Well, back to the incident with my Mother, many years ago. My daughter was a toddler, new to walking. One day, when my daughter had tripped and fallen, my Mother said, “Oh, you’re so clumsy!” she may have said it “cutely” but the words burned for me. I promptly spoke up to the attentive grandmother and requested she not label my daughter as “clumsy.”
My mother retorted, “Well, I called you that too, and probably my mother called me that as well!” I replied, “Yes, Mom, I know you said that to me, but the buck stops here. This kind of labeling gets a child stuck and limits her. Keep telling a little one she is clumsy, she’ll begin to believe it and not move into the world with confidence.”
I don’t know if those were my exact words, but it was the essence of my narrative that day, almost 35 years ago. Point is, words and labels get passed down from generation to generation and can impart a negative emotional load on an individual into adulthood.
We need to reflect on the words we use, unconscious of their possible consequences. Do our words have a long history in our family of origin? Are they derogatory, hurtful, limiting, in any way? Are they creating self-fulfilling prophecies? If we call a child stupid, lazy, spoiled, clumsy, and so on, repeatedly, a child can then internalize those labels and eventually create a negative self-image.
This is not to say that the child does not need discipline, boundaries, and firm guidance. Yes, behaviors need correction.

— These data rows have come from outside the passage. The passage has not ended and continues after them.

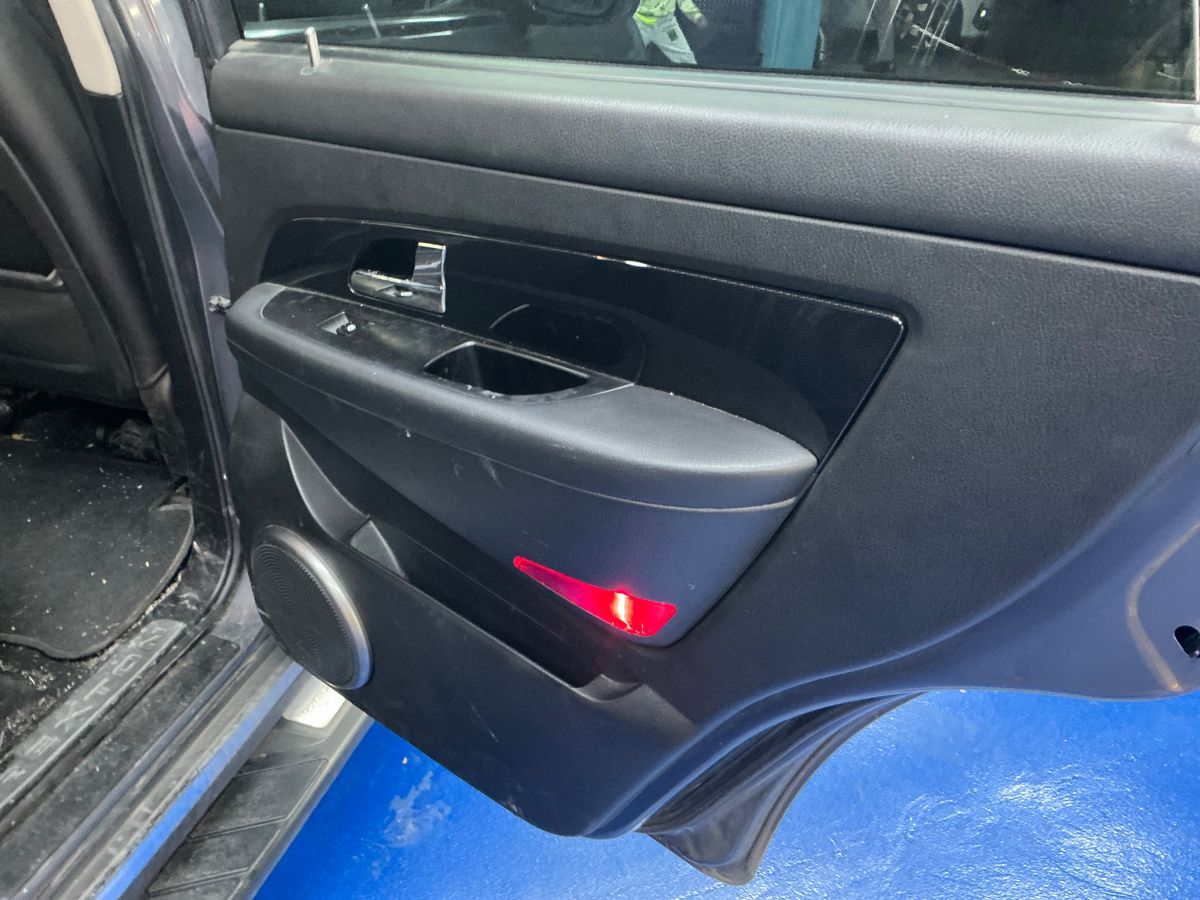 Ssangyong Rexton 2016 — photo 38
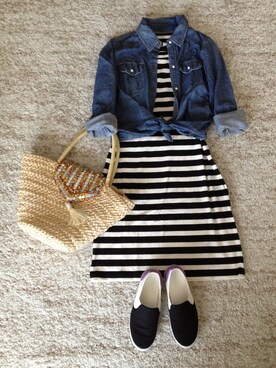 「LOWRYS FARM（ローリーズファーム）のデニムターンバックシャツ 476566（シャツ/ブラウス、ブルー系）」を使った、なあはな1125さん（レディース・156cm）の春コーディネート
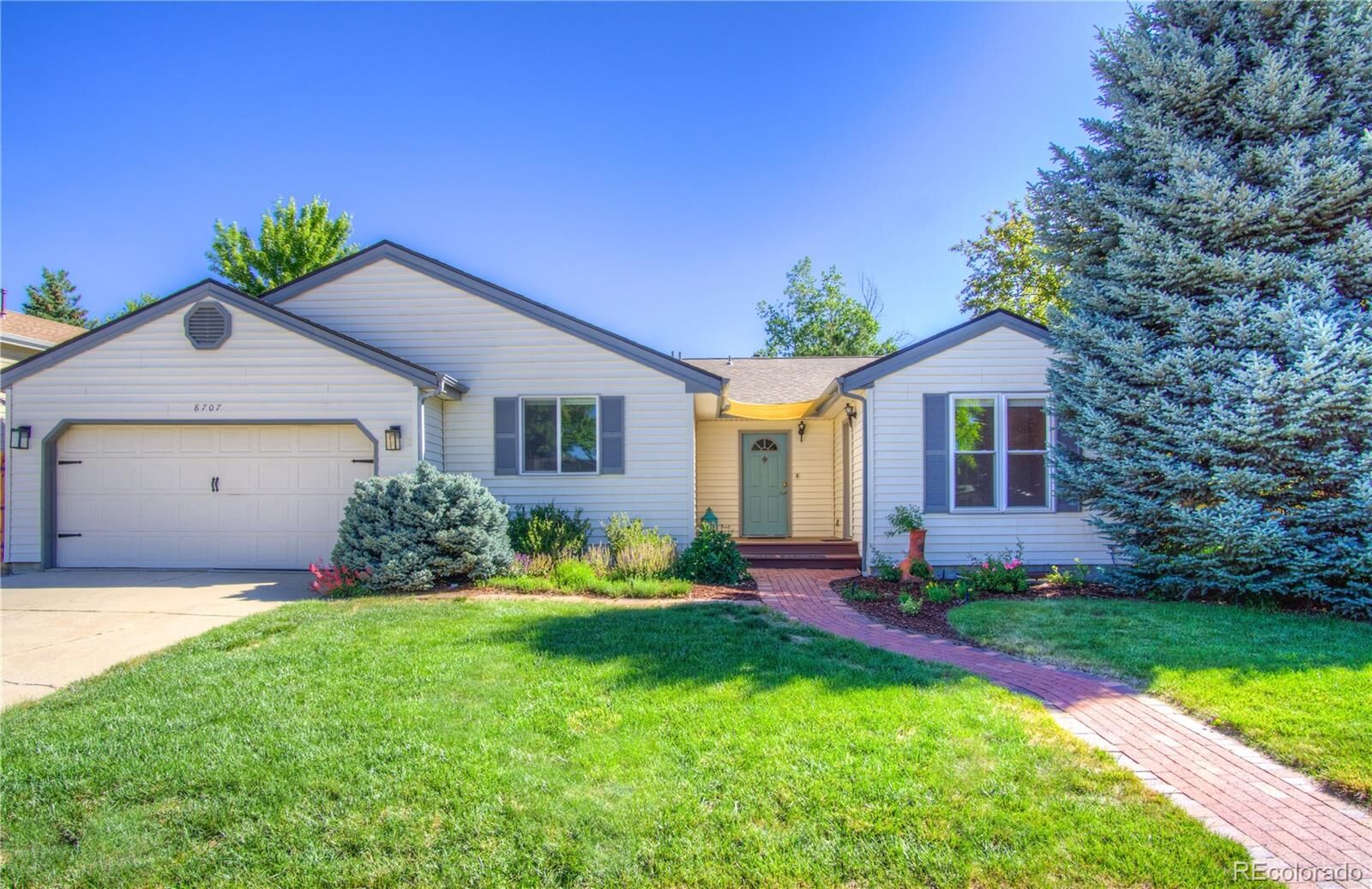 Property Photo:  8707 W Glasgow Place  CO 80128 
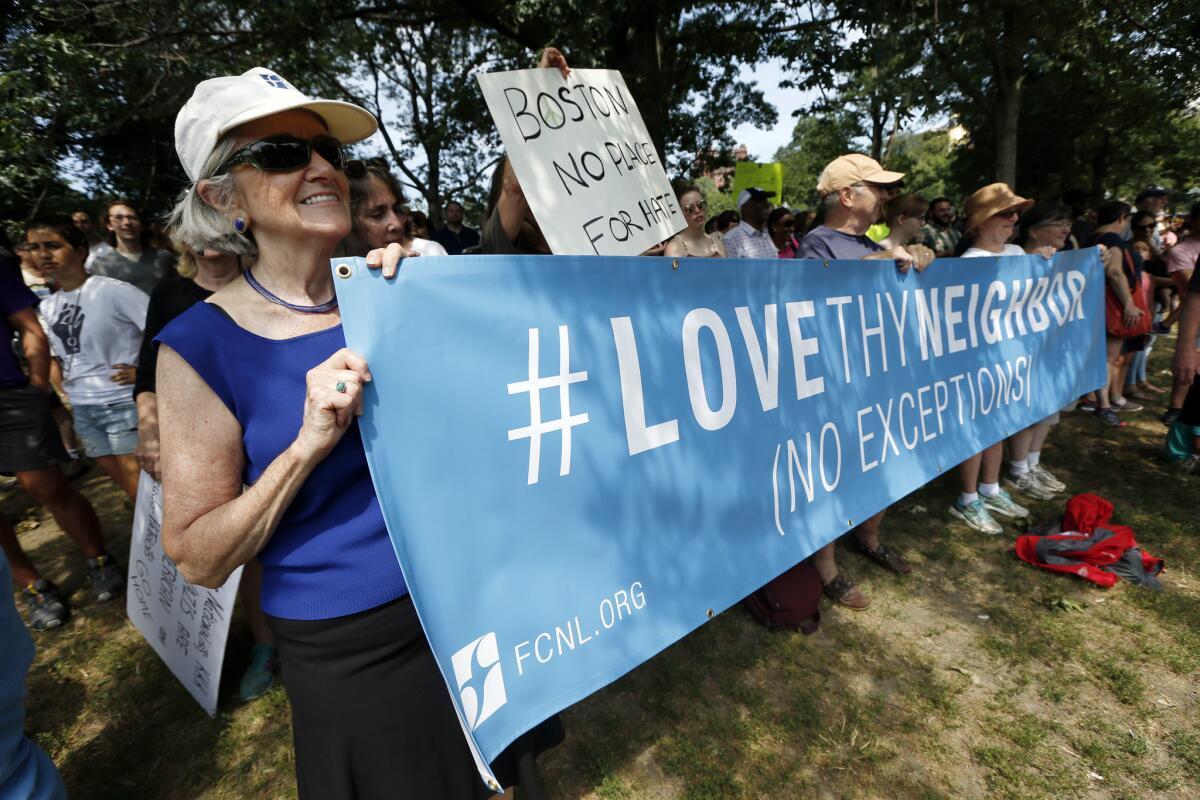 Protesta contra el racismo en Boston: Miles de activistas corearon consignas antinazis...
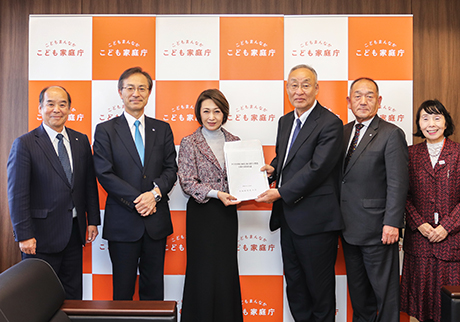 三原こども政策担当大臣（左から３人目）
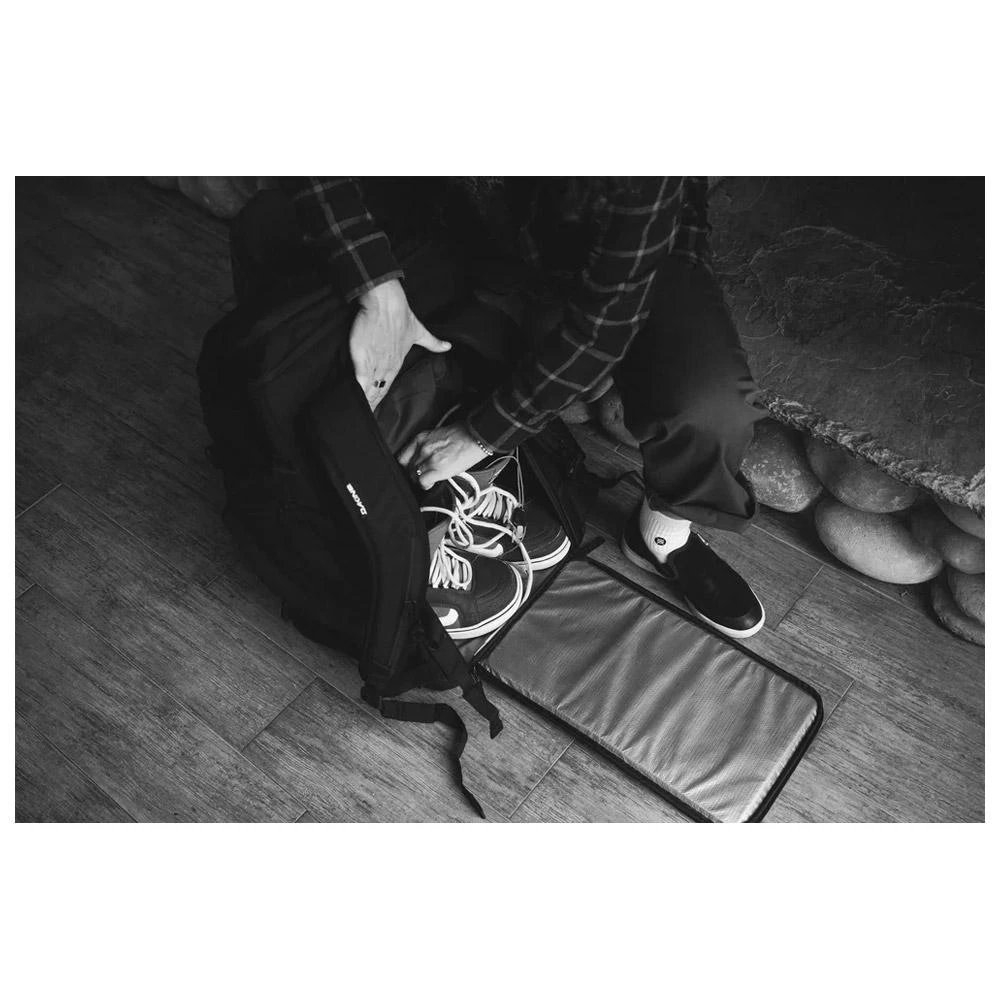 Funda Botas Dakine Boot Pack Dlx 75L Utility Green 9 Funda Botas Dakine Boot Pack Dlx 75L Utility Green - Imagen 7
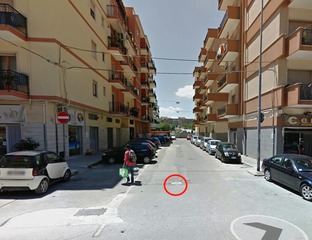 Trani, quando la buca la trovi anche su Google maps: il caso di via Vittorio Veneto e le segnalazioni degli utenti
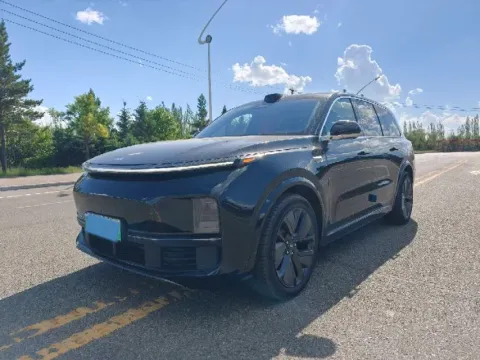 2024 LI L9,autocango,china used car exporter,china ev exporter,chinese used car exporter,chinese used ev exporter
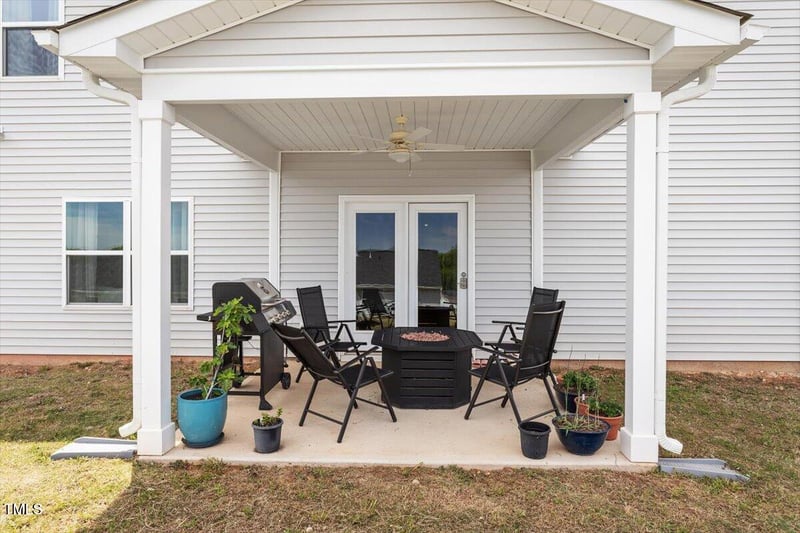 637 Marrian Dr, Clayton, NC 27520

What has prompted my reflection on the theme of words and labels passed from one generation to the next is that the little toddler who fell in the story is now going to have a baby daughter herself. And she is a rock climber among other things!
So how will I, as a grandmother, and my daughter, as a mother, learn to edit out whatever vestiges of family history that are limiting? What other words, besides “clumsy,” need to be stricken from the “label” train that rides that tired—yet untrue—track of family mythology? This is a question for all parents and grandparents.